But beyond any auditory challenges from the audiobook’s conceit, the poetry Del Rey employs in the project reads like an amalgamation of memes and slogans. The first four chapters seem to be about Del Rey’s love-hate relationship with areas of Los Angeles. As a lifelong east coaster, I’m certain there was some nuance that went over my head such as these powerful opening lines:
I left my city for San Francisco
Took a free ride off a billionaire’s jet
L.A., I’m from nowhere, who am I to love you?
L.A., I’ve got nothing, who am I to love you when I’m feeling this way and I’ve got nothing to offer?
L.A., not quite the city that never sleeps
Not quite the city that wakes, but the city that dreams, for sure
If by dreams you mean in nightmares
L.A., I’m a dreamer, but I’m from nowhere, who am I to dream?

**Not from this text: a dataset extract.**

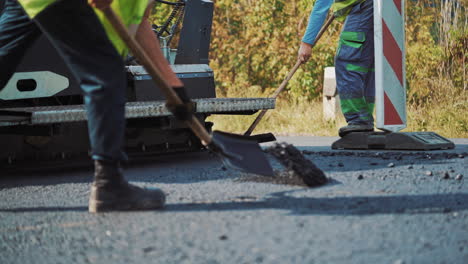 teamwork at asphalt construction. workers making asphalt with shovels at road construction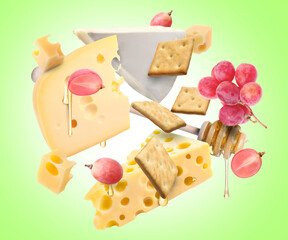 Cheese board products in air on light green background. Different types of cheese, grapes, crackers and honey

L.A., I’m upset, I have complaints, listen to me
They say I came from money and I didn’t, and I didn’t even have love, and it’s unfair
L.A, I sold my life rights for a big check and I’m upset
Del Rey’s voice is clear and concise as she perfectly enunciates every word, but at the same time is incredibly childlike in portions—particularly in Chapter 1, where she repeats the phrase, “L.A., I’m lonely can I come home now?” When Del Rey isn’t taking on the tone of a small child, she sounds vaguely like an untrained phone sex operator. This is most obvious when she adds extra petulance in her voice to deliver the lines:
Also, neither one of us can go back to New York
For you, are unmoving
As for me, it won’t be my city again until I’m dead
Fuck the New York Post
Listeners can truly feel Del Rey’s disdain for the East Coast media elite.